As of 1995, patent protection lasts for a period of two decades. Before that, the patent held for 17 years. Several patents and patent applications have existed that involve kratom or its derivatives. Many of them, however, date back to the late 1960s. Plant products cannot be patented. The same is so for other natural compounds. Boric acid, for instance, is touted as an excellent solution for pest control. You don’t see many major companies investigating in advertising its potential however because as a form of Boron (the fifth element) it is not patentable. Patents provide not only protection in an investment in some form of innovation, but a monetary motive for investing in research and advertising. As for concern for how the Smith Kline and French patent would affect the whole kratom, Dr. Babin explains that though the patent would have prevented the sale, manufacture, use, and import of certain alkaloids isolated from kratom, it would not affect the legality or availability of whole or powdered leaf material.

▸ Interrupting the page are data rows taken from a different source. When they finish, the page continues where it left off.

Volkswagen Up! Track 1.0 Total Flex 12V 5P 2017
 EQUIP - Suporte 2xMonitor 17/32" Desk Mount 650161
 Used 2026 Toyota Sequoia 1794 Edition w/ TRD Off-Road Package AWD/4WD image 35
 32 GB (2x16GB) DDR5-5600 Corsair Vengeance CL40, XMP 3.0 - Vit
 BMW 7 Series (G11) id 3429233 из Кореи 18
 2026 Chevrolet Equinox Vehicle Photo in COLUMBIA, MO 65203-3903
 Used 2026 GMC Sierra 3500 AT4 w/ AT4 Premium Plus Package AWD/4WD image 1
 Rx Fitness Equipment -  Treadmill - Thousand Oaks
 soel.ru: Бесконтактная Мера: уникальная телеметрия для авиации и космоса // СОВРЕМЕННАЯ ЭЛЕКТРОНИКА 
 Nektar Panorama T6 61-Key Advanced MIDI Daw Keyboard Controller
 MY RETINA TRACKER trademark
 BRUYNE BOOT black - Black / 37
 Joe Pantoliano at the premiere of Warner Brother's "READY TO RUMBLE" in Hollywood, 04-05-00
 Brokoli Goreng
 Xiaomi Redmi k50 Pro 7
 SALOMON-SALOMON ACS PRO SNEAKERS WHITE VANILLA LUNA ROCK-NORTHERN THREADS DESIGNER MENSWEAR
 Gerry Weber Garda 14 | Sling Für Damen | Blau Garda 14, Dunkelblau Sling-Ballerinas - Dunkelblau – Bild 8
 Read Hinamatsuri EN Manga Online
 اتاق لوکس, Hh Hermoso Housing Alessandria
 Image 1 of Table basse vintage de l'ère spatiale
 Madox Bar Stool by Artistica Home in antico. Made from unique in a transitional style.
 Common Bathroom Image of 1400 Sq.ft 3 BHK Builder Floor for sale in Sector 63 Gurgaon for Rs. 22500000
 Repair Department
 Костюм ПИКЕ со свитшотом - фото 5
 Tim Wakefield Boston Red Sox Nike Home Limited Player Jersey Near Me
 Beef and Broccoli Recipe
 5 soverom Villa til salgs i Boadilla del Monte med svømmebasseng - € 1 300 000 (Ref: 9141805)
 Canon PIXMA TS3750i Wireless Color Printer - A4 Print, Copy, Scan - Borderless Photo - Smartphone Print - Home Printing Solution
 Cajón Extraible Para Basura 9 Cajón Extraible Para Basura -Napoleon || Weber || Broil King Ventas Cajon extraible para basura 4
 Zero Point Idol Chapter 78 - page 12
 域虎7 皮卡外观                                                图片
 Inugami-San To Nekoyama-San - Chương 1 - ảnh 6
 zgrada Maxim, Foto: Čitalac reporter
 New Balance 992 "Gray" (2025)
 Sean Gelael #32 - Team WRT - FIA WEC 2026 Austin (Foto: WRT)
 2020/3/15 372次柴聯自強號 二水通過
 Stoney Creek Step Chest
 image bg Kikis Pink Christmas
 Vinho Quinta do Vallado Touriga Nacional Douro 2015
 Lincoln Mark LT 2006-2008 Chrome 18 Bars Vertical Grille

In order to be eligible for patent protection, a plant must be substantially altered through some process. Courts have previously ruled that no substance in nature may be patented as is. This also includes isolates and extracts of natural compounds. If the extract is unaltered from that appearing in nature, it can not be patented. By slightly tweaking the molecular structure of a natural compound, scientists can often change the properties of the chemical itself. Studying kratom could potentially lead to the development of non-addictive opioids, Dr. Babin hopes. As for the potential of new drugs derived from kratom, Dr. Babin points out that the two primary active constituents, mitragynine and 7-hydroxymitragynine show up in U.S. Patent Nos. 8,247,428 & 8,648,090. There is some potential in her opinion for these patents to become a new drug which may have some advantages in specific situations over the natural form.

Dr. Babin also expressed a hope that research into kratom could lead to the development of new drugs. As for how that might affect the kratom community, she explains that U.S. patent law provides an exemption under 35 USC §371(e), which allows scientists to use patented inventions in research. Unlike scheduling under the Controlled Substances Act, no permission or pre-approval is required to take advantage of the exception. Another misconception Dr. Babin explains is that not everything that appears to be a patent is actually a patent. Patent applications are nearly indistinguishable to the untrained eye from patents. U.S. Patents will have the words “US Patent” at the top of the first page. If the first page reads “US Patent Application Publication” it may not yet be approved by the U.S. Patent and Trademark Office. Current patents will have a 7-digit identification number, whereas published applications feature an 11-digit identification number followed by a 4-digit year. As far as Dr. Babin is concerned, though we are not out of the woods as far as kratom’s continued availability goes, fears regarding patent protection should not be a concern.